Short and to the point that one. I think that’s enough for most folks to get at least the basic understanding of dbt and generally what it does and provides. Of course, it probably only scratches the surface and doesn’t explore things like tests and documentation. That being said, I do have a few comments and thoughts about dbt as a tool for Data Engineers who’s pipelines include lots of SQL.

  • I would not switch my pipeline to all SQL just to use dbt.
  • If my pipelines included at least 30% or more of SQL, I would use dbt.
  • The configuration and setup/use of dbt is extremely straightforward and easy to understand.
  • The concepts around dbt projects are very approachable.
  • The testing and docs ability of dbt are the icing on the cake.
  • dbt and it’s models don’t solve the nasty spaghetti SQL code that is the doom of many SQL-based data teams.

There is much to love about dbt, and much to hate.

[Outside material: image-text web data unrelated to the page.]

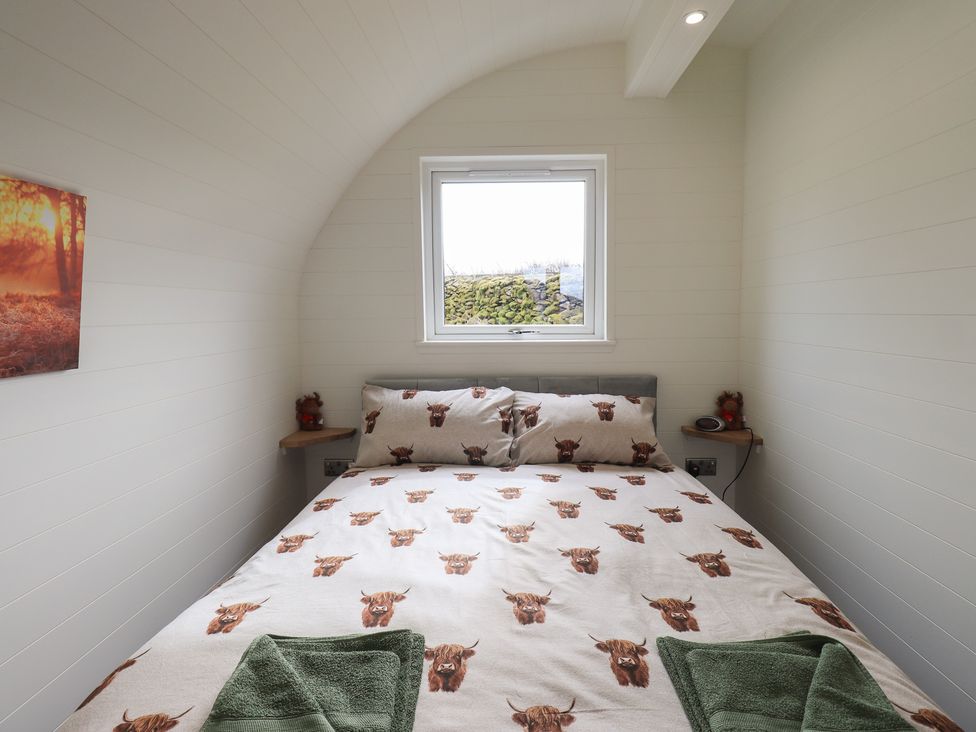 A bedroom with a bed featuring animal print bedding green towels on the bed and a window above the headboard at Shepherds View in Castlerigg near Keswick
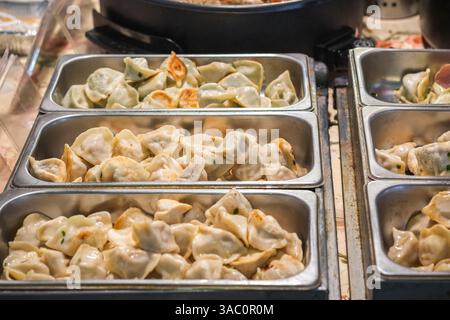 Chinesische Pfannenknödel mit verschiedenen Füllungen auf dem Brick Lane Market in London Stockfoto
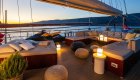 A yacht's sun deck at dusk with a view of the Adriatic Sea and mountains in the background.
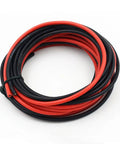 Top Shelf 14 Gauge Silicone Electrical Wire Cable Bundle Packed With Mean Tinned Copper Core That Bends Like Butter Takes On Brutal Heat Sweet For Custom Rides And Garage Builds, red and black cables coiled.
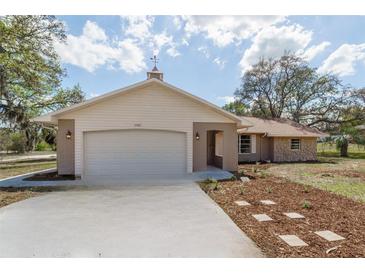 Charming one-story home with a two-car garage, light brick accents, and a well-manicured front yard at 11480 Genter Dr, Spring Hill, FL 34609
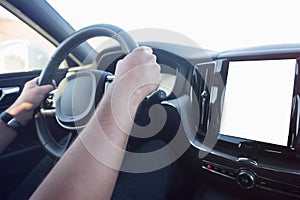 Man driving a car. Success in motion. Handsome young man driving a car. A man holds the steering wheel of a car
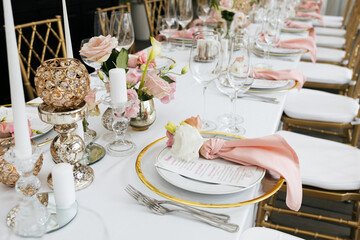 Wedding decorations. Served wedding table with decorative fresh pink flowers and candles. Celebration details. Flower composition roses plates and candles in candlesticks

I love what dbt does for those teams that are mostly SQL based, it gives the framework, testability, and generally a better approach to managing complex SQL pipelines. It’s better than just stored producers and ad-hoc SQL strung together in a never-ending trail of misery. But, I can see that it would not necessarily stop data teams from going down that path. You would have to be rigorous and die-hard in your approach to the models and their complexity.

I can also see where the cost of dbt, the way it wants you to develop, could easily spiral out of control. If you’re writing small models all the way down the line in your pipelines, and someone is materializing those to tables … your storage and compute cost is probably going to skyrocket. Reading and writing all that data … ugh. But, do the costs outweigh the benefits? Probably for some yes, for some no. It is interesting that a lot of complaints about dbt costs have been surfacing lately, who knows if that is simply folks not implementing the technology correctly (usually the case), or if there is some truth to it all … is it simply a more expensive way to do things. Time will tell.